A thick cloth muffles the sound of breaking glass. Sam reaches through the window cautiously and opens it from the inside. He blows out a long breath. So far so good. Now, as long as he can keep away from the dogs...
The inside of the farmhouse is thick with shadow. Sam catches his foot on the edge of the carpet and stops. He can hear voices coming from above him. Garel and Susan Williams, he thinks, turning his face up towards the sound. He moves forward again. The floorboards creak then settle back into silence. Carefully, Sam makes his way to the door, pausing to listen after every step. The door is half open and he pushes it gently shut and settles himself down in the shadows to wait.
He's not sure how much time passes. An hour, maybe.
A crash comes from outside and both dogs start barking at once. Sam leaps to his feet, and at the same time the floorboards creak heavily above him. Footsteps sound on the stairs.
"Who's there?" comes Garel Williams' voice. "Come on, I know you're there." A brief pause, then he continues, harsher than before. "I have a shotgun, you know, and I'm prepared to use it."
"There's not a lot more we can do till Ross gets back, I suppose," Michael says. The ten o'clock news broadcast has told them nothing new. He gets up to flick the set off. "Did anyone find out anything about HIDA?"
Alan shakes his head. "We asked in a few places, but there's not a lot you can say without raising suspicions. If anyone knew anything they weren't saying. Where's Sam, by the way? With Tanya?"
"He said he was going to Lodge Farm." Russell sounds disapproving. "Some scheme about breaking in and staging an alien watch." He checks his watch. "I hope he knows what he's doing."
"I could cast a spell to find out," Maddy offers. "And while we're talking about spells... What d'you think about what I found out so far? Isn't is cool?"
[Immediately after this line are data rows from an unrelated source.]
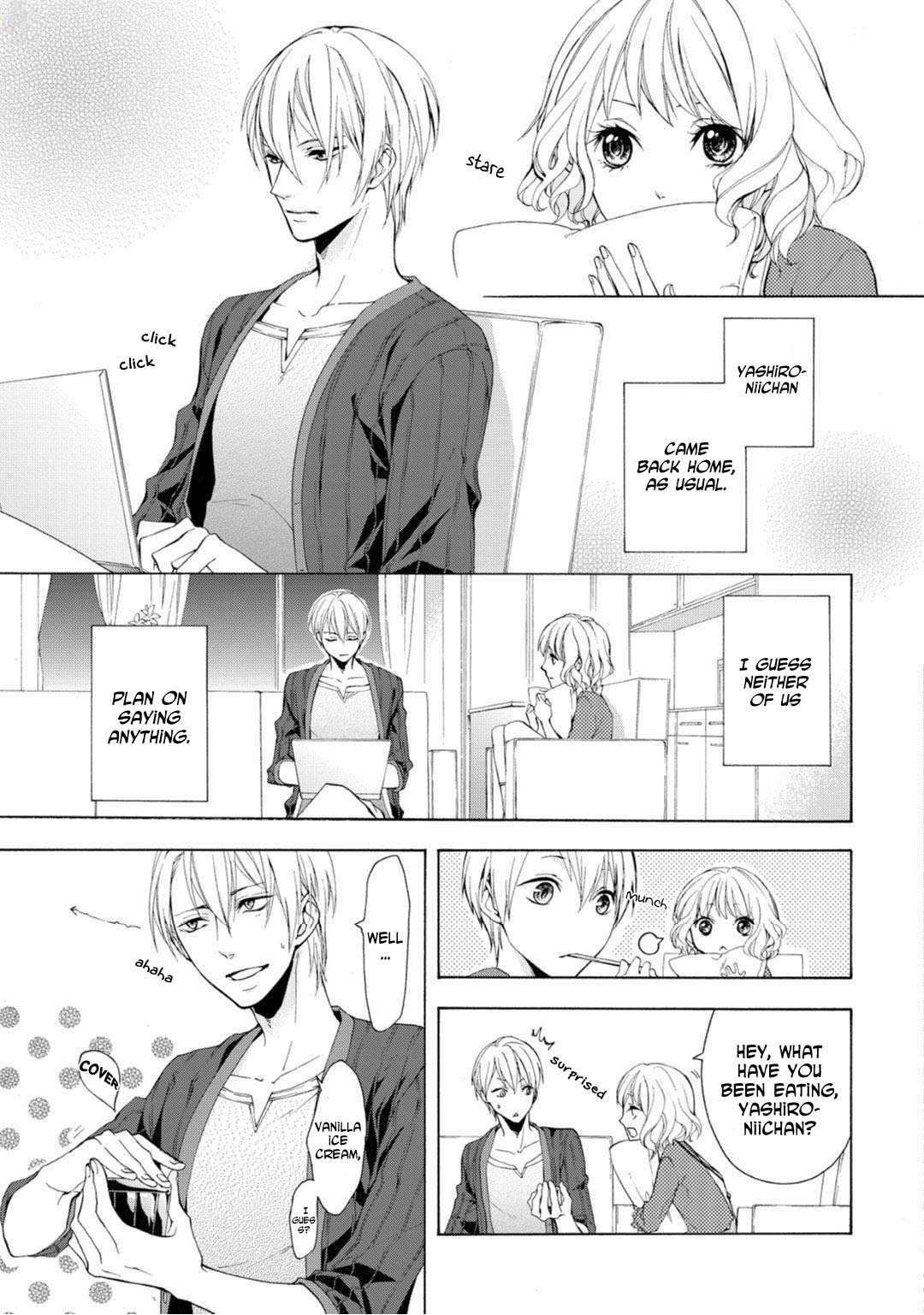Koisuru Ketshup Oniichan Tachi ni Nerawaretemasu Chapter 2 page 20 - Chapter 2: Act 2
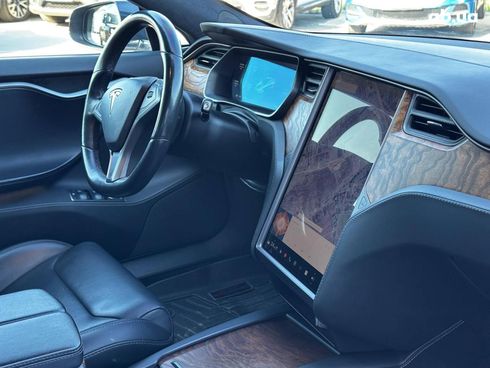 Tesla Model S 2018 серый - фото 39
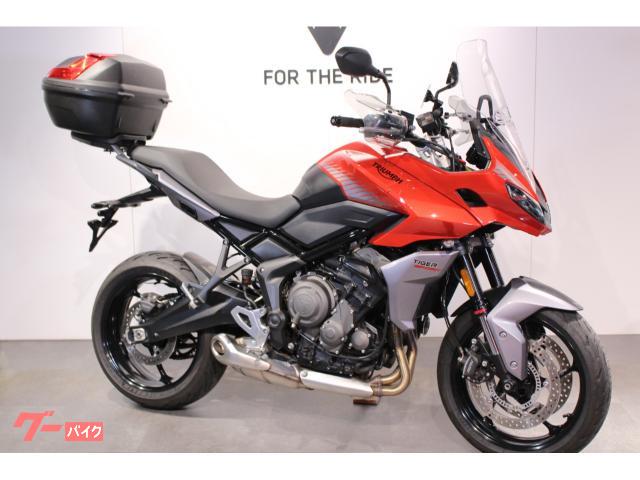 タイガースポーツ６６０　トップボックス・グリップヒーター・ＥＴＣ付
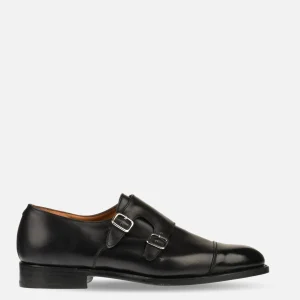 TRICKERS Chaussures | Chaussures Leavenworth Noir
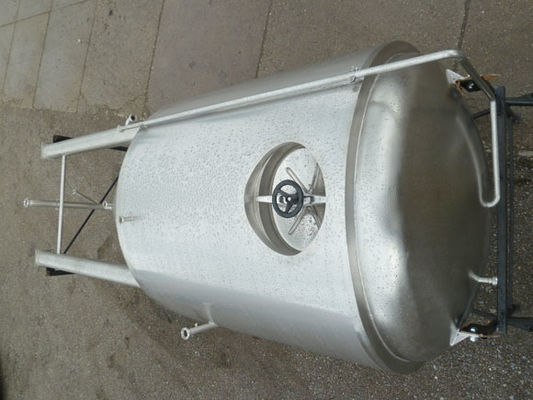 General overview for fermentation tanks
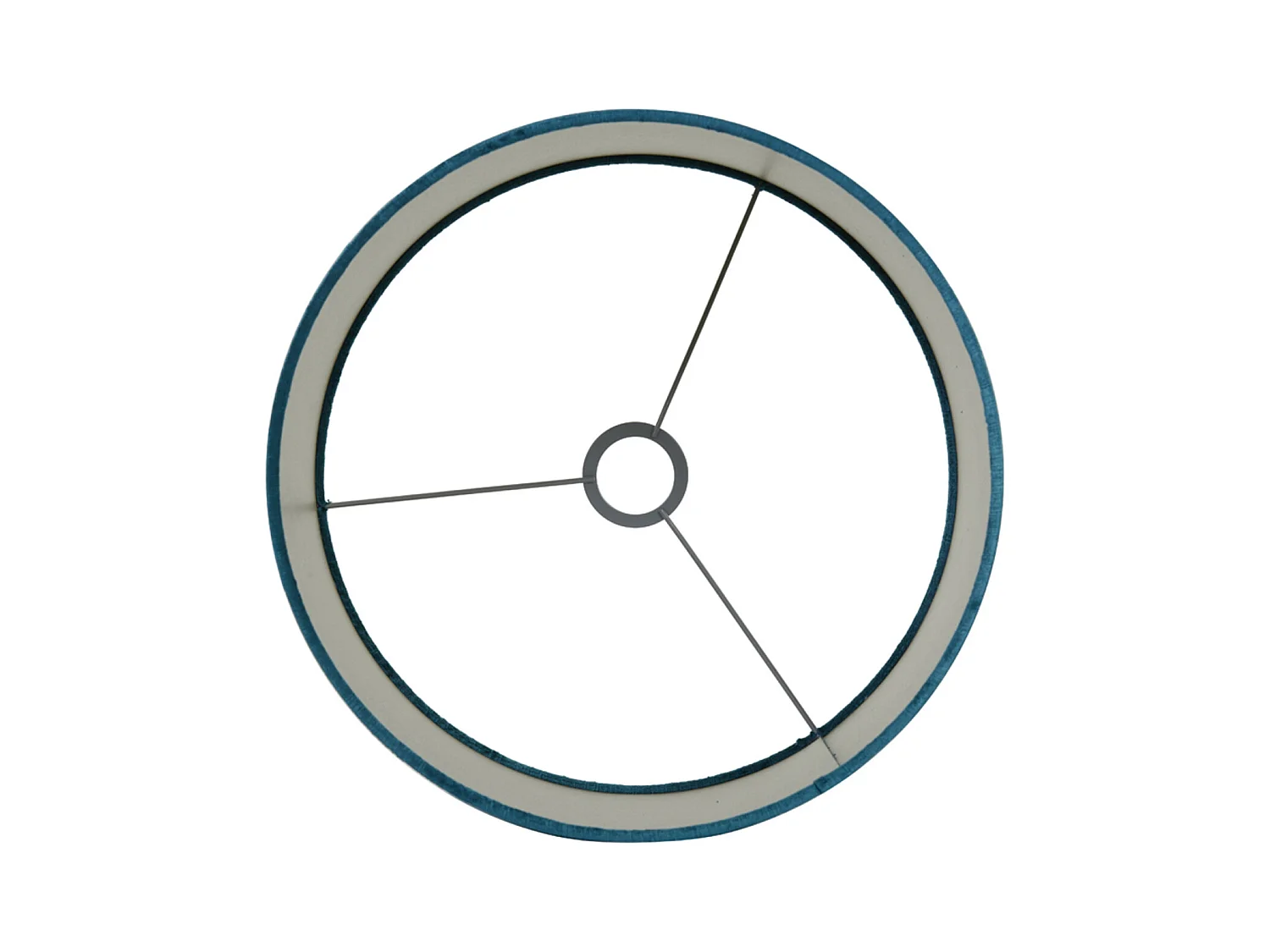 Abat-jour GEMSTONE - Ø30x21cm - Bleu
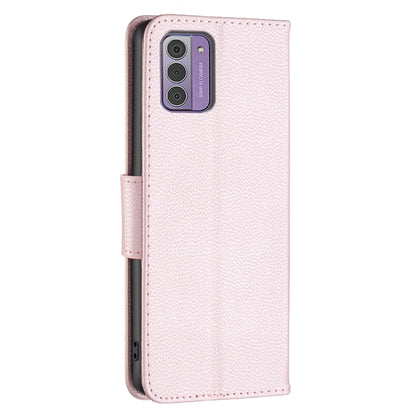 Litchi Texture Pure Color Leather Phone Case, For Nokia G42/G310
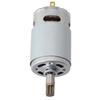 Long lasting 18V 8 Teeth Motor RS550VD6532 H3, High Reliability, Silver color, Suitable for WORX WX390, WU390 9, WX390 31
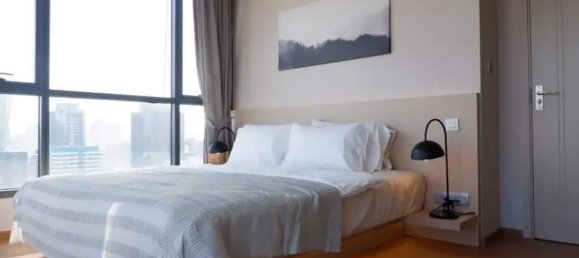 Кондоминиум  с 2 спальнями в Ратчатхеви, Таиланд № 19379 7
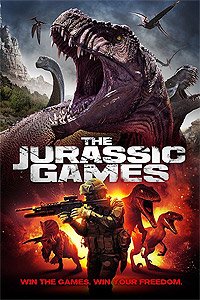 Jurassic Games, The (2018) Movie Poster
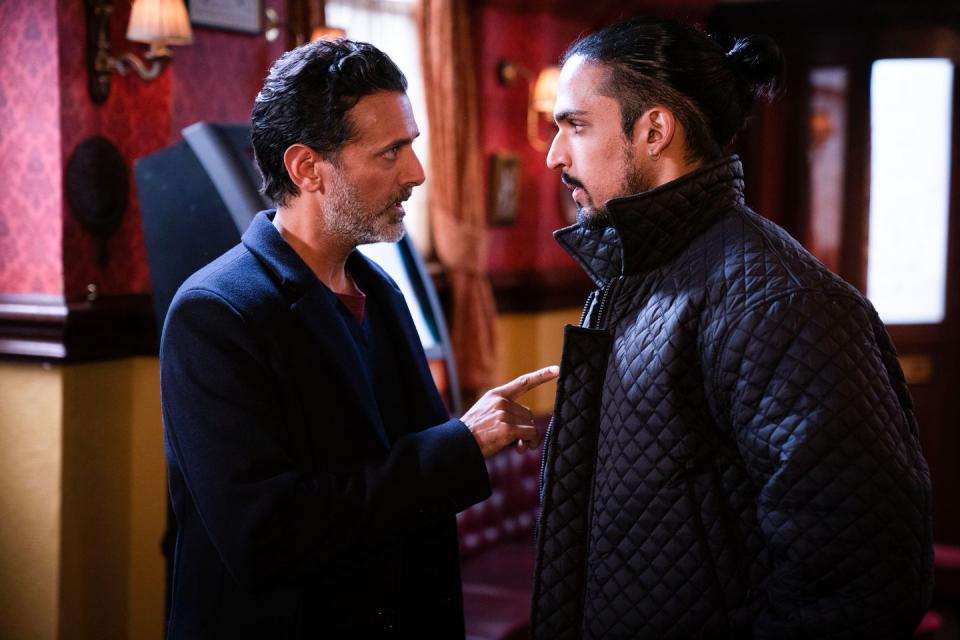 nish panesar and ravi gulati in eastenders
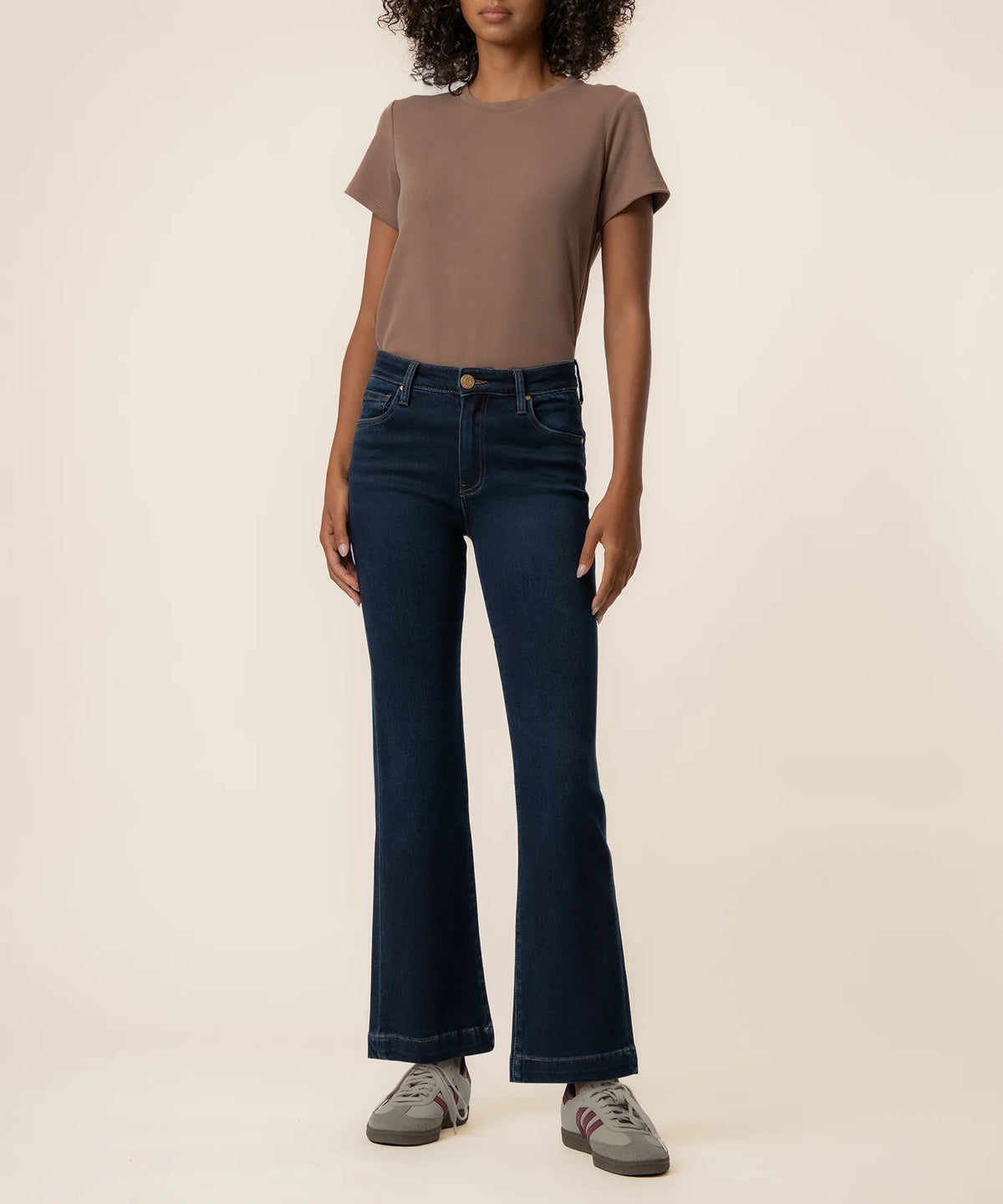 KUT - Kelsey High Rise Kick Flare Jean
At the perimeter of the village, a tall man in a badly-fitting biohazard suit is making his way towards the trees. A crescent moon lights his path. Ross smiles to himself. There'll be a search for him, no doubt, when the rightful owner of the suit wakes up, but by his reckoning he should have at least two hours to have a good look around. He sees the dark line of barbed wire up ahead and quickens to a clumsy jog.